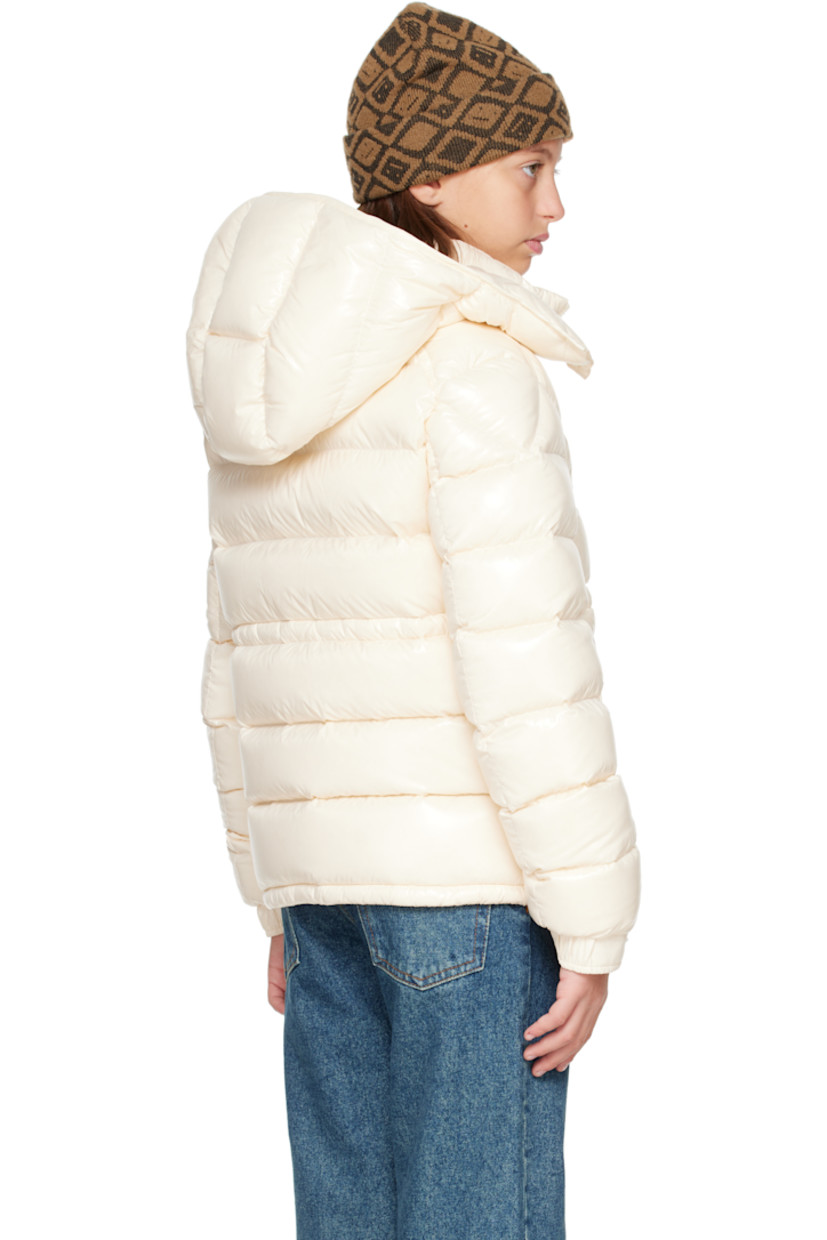 Down-filled and quilted nylon laqué jacket.

· DIST-certified down
· Detachable hood at stand collar
· Zip closure
· Zip pockets at front
· Elasticized hem
· Flap pocket and felted logo patch at sleeve
· Adjustable press-stud fastening at elasticized cuffs
· Bungee-style drawstring at interior waist
· Fully lined

Supplier color: White

Model measures 55" / 139.7 cm tall and wears size 12Y.

Moncler Enfant Size: child's height
8Y: 51.2" / 130 cm 
10Y: 55.2" / 140 cm 
12Y: 59.8" / 152 cm 
14Y: 64.6" / 164 cm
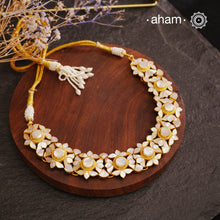 Embrace the allure of timeless elegance with Aham Jewellery’s latest Mother of Pearl collection, a radiant choice for festive celebrations and weddings.

The Neckpiece is crafted in 92.5 silver and adorned with a luxurious gold polish, capturing the iridescent beauty of mother of pearl. You can wear this versatile piece like a choker or a around the neck piece.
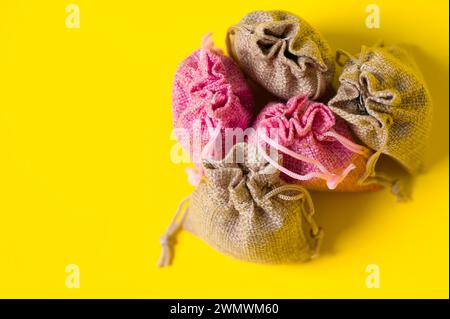 Lavendelblüte in einem Leinensack auf gelbem Hintergrund, duftender Lavendelbeutel. Stockfoto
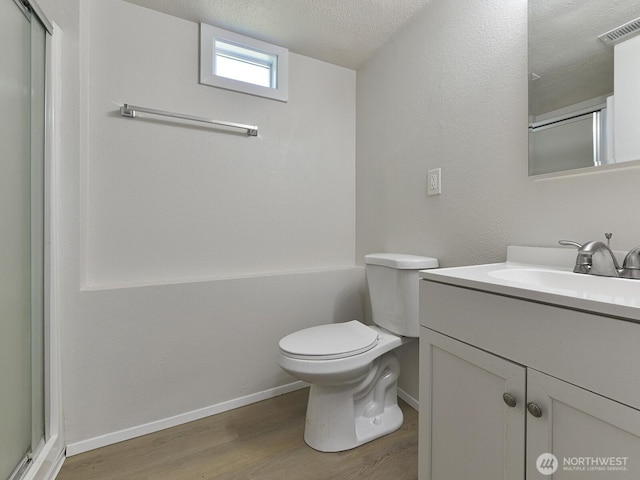 1501 154th St E, Tacoma, WA 98445 - full bath with wood finished floors, vanity, a shower with shower door, and a textured ceiling
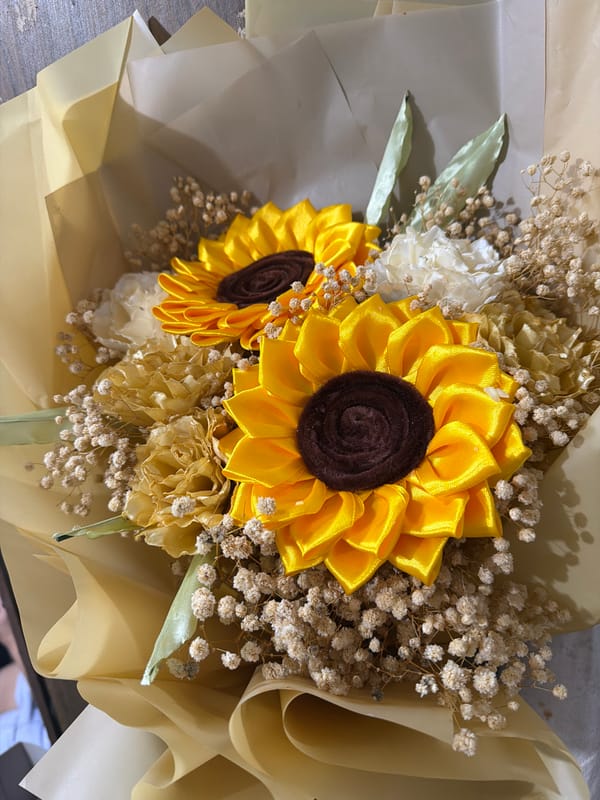 Birthday party spread with food, flowers, and cake in Davao City
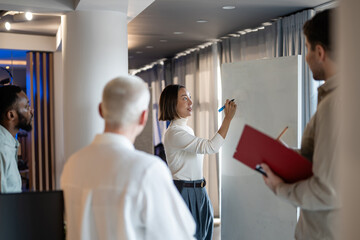 Business colleagues collaborating on project during office meeting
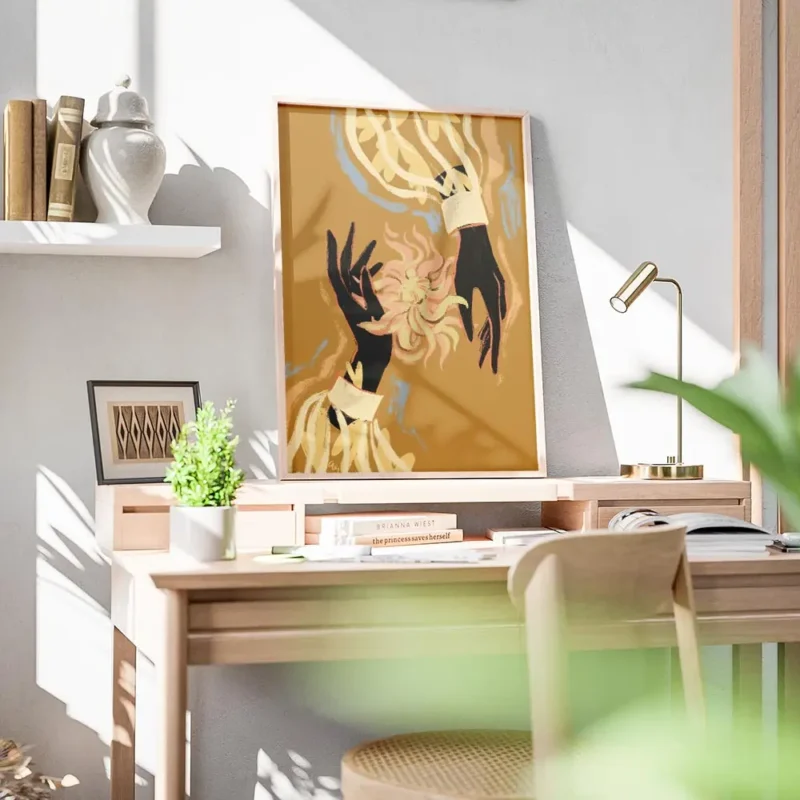 affiche avec deux mains noires tenant une fleur abstraite rose et jaune sur fond bureau.webp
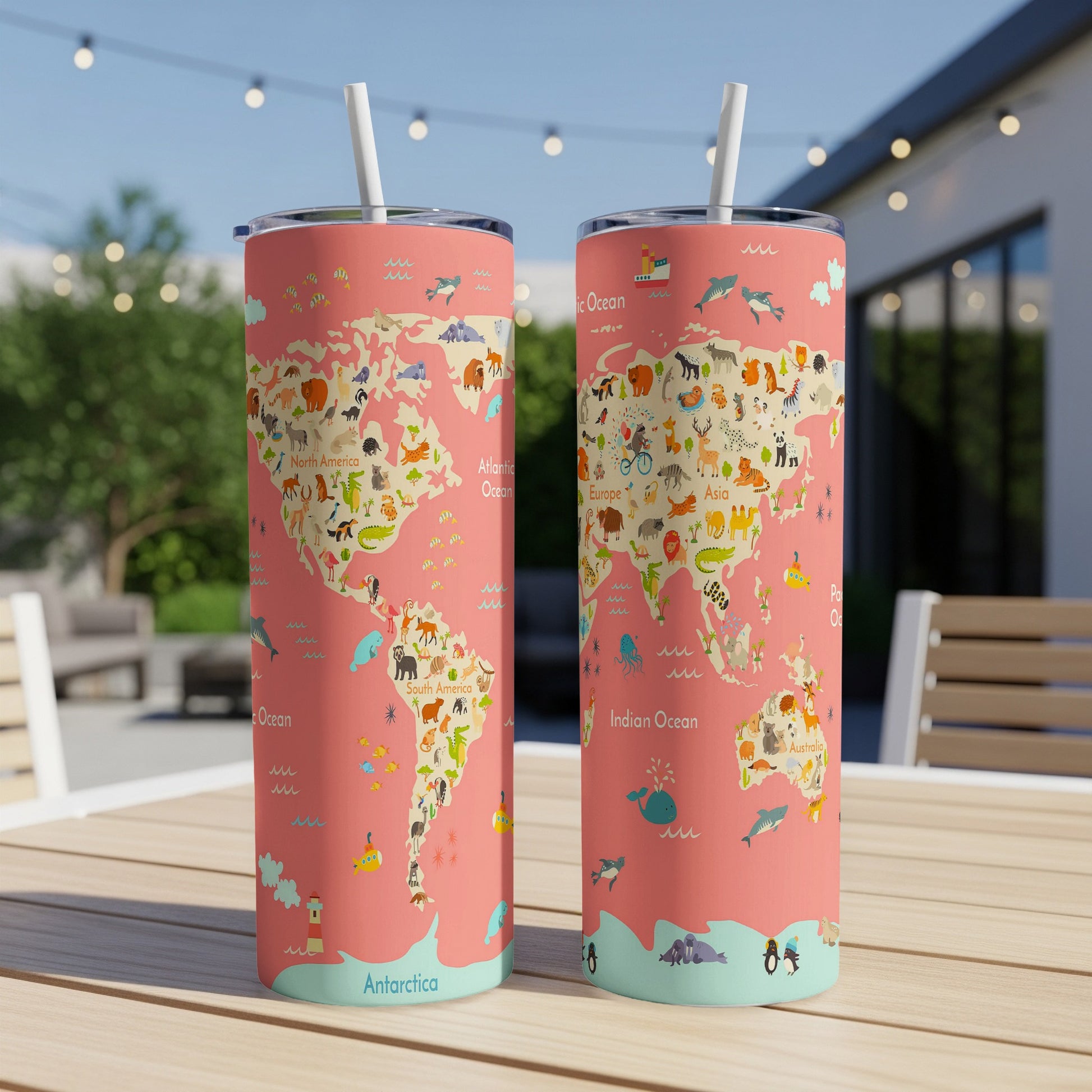 Two tumblers with a world map design featuring cartoon animals and oceans, each with a straw.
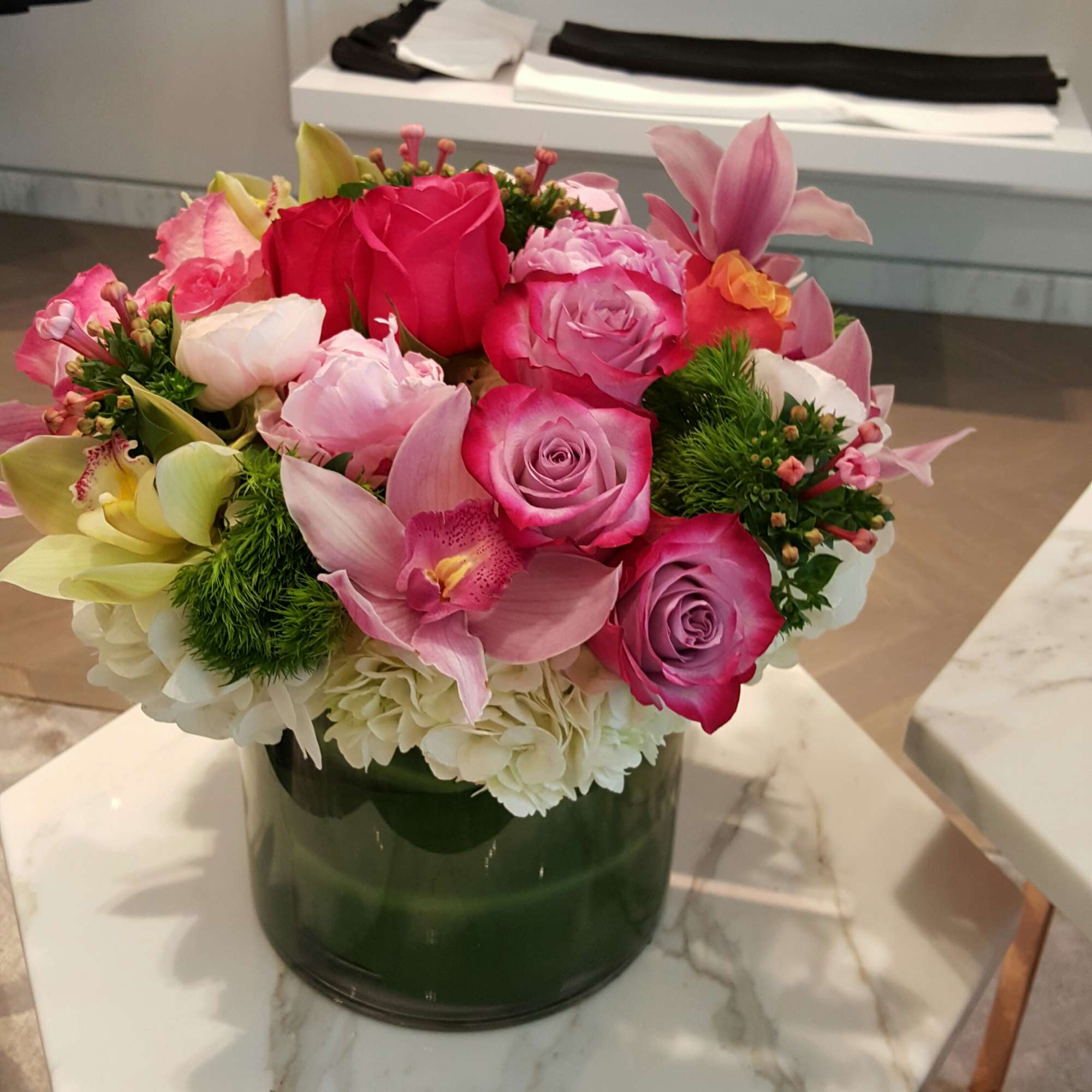Pink and white floral arrangement in a green glass vase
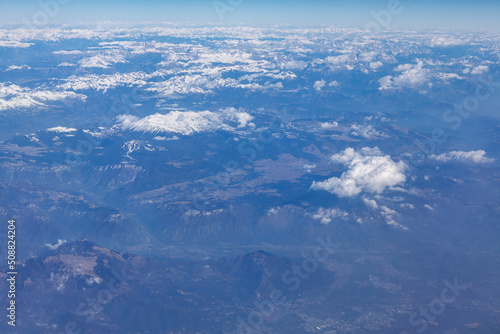 Mountain range view from above . Aerial view of peaks covered by snow 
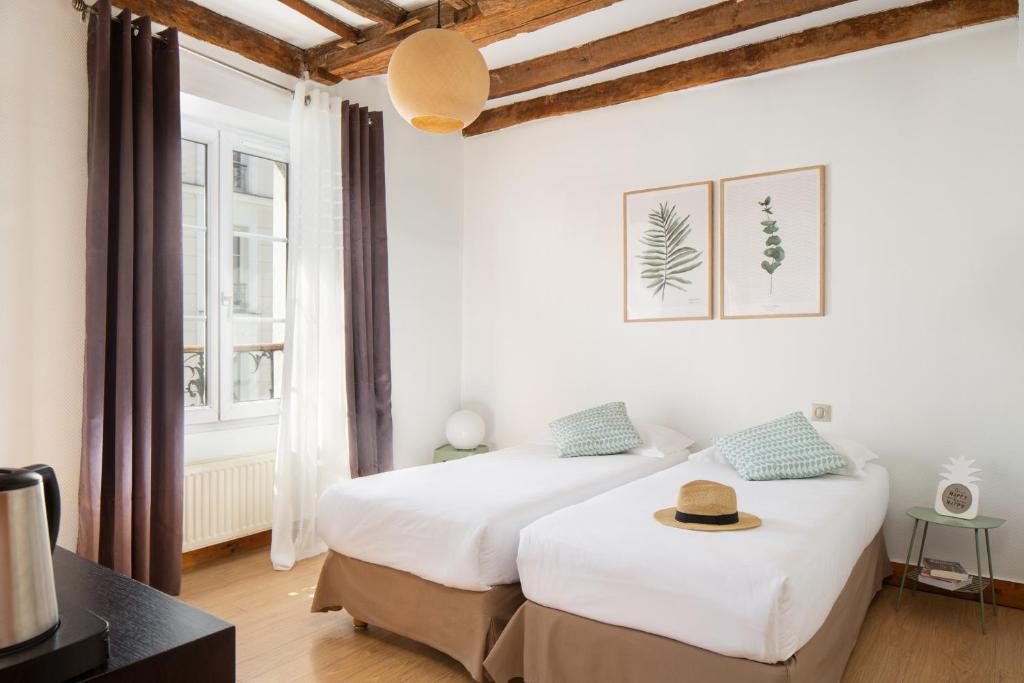 巴黎蒙马特村嘻哈旅舍的白色墙壁客房的两张床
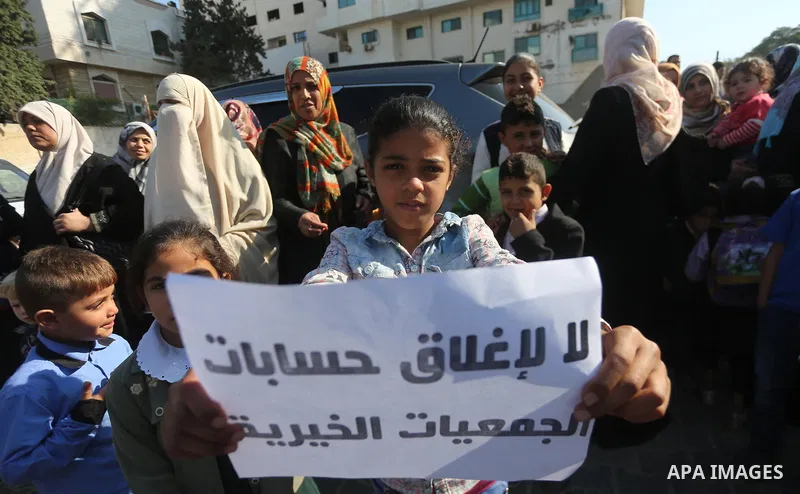 Palestinian orphans take part in a protest against the closure of the accounts of charities in Gaza city, on November 26, 2017. Photo by Mohammed Asad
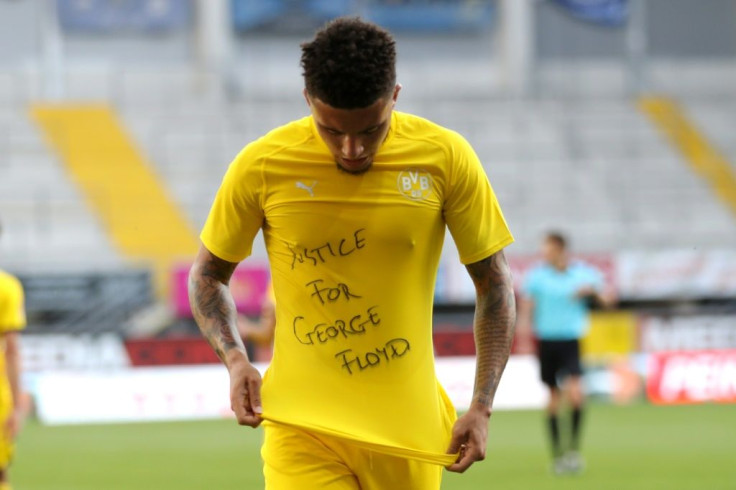 Dortmund's England winger Jadon Sancho shows a T-Shirt bearing the message "Justice for George Floyd" after scoring against Paderborn on Sunday.
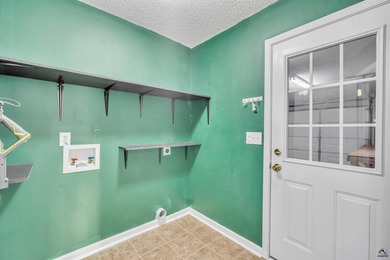 Welcome to this spacious 4-bedroom, 2-bath home in the highly on The International City Golf Course in Georgia - for sale on GolfHomes.com, golf home, golf lot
· · · ·
▶ _Action item_: Restate the preceding entries in full, word for word, with the pictures removed.

▶ _Result for this task_:
 Down-filled and quilted nylon laqué jacket.

· DIST-certified down
· Detachable hood at stand collar
· Zip closure
· Zip pockets at front
· Elasticized hem
· Flap pocket and felted logo patch at sleeve
· Adjustable press-stud fastening at elasticized cuffs
· Bungee-style drawstring at interior waist
· Fully lined

Supplier color: White

Model measures 55" / 139.7 cm tall and wears size 12Y.

Moncler Enfant Size: child's height
8Y: 51.2" / 130 cm 
10Y: 55.2" / 140 cm 
12Y: 59.8" / 152 cm 
14Y: 64.6" / 164 cm
 Embrace the allure of timeless elegance with Aham Jewellery’s latest Mother of Pearl collection, a radiant choice for festive celebrations and weddings.

The Neckpiece is crafted in 92.5 silver and adorned with a luxurious gold polish, capturing the iridescent beauty of mother of pearl. You can wear this versatile piece like a choker or a around the neck piece.
 Lavendelblüte in einem Leinensack auf gelbem Hintergrund, duftender Lavendelbeutel. Stockfoto
 1501 154th St E, Tacoma, WA 98445 - full bath with wood finished floors, vanity, a shower with shower door, and a textured ceiling
 Birthday party spread with food, flowers, and cake in Davao City
 Business colleagues collaborating on project during office meeting
 affiche avec deux mains noires tenant une fleur abstraite rose et jaune sur fond bureau.webp
 Two tumblers with a world map design featuring cartoon animals and oceans, each with a straw.
Pink and white floral arrangement in a green glass vase
 Mountain range view from above . Aerial view of peaks covered by snow 
 巴黎蒙马特村嘻哈旅舍的白色墙壁客房的两张床
 Palestinian orphans take part in a protest against the closure of the accounts of charities in Gaza city, on November 26, 2017. Photo by Mohammed Asad
 Dortmund's England winger Jadon Sancho shows a T-Shirt bearing the message "Justice for George Floyd" after scoring against Paderborn on Sunday.
 Welcome to this spacious 4-bedroom, 2-bath home in the highly on The International City Golf Course in Georgia - for sale on GolfHomes.com, golf home, golf lot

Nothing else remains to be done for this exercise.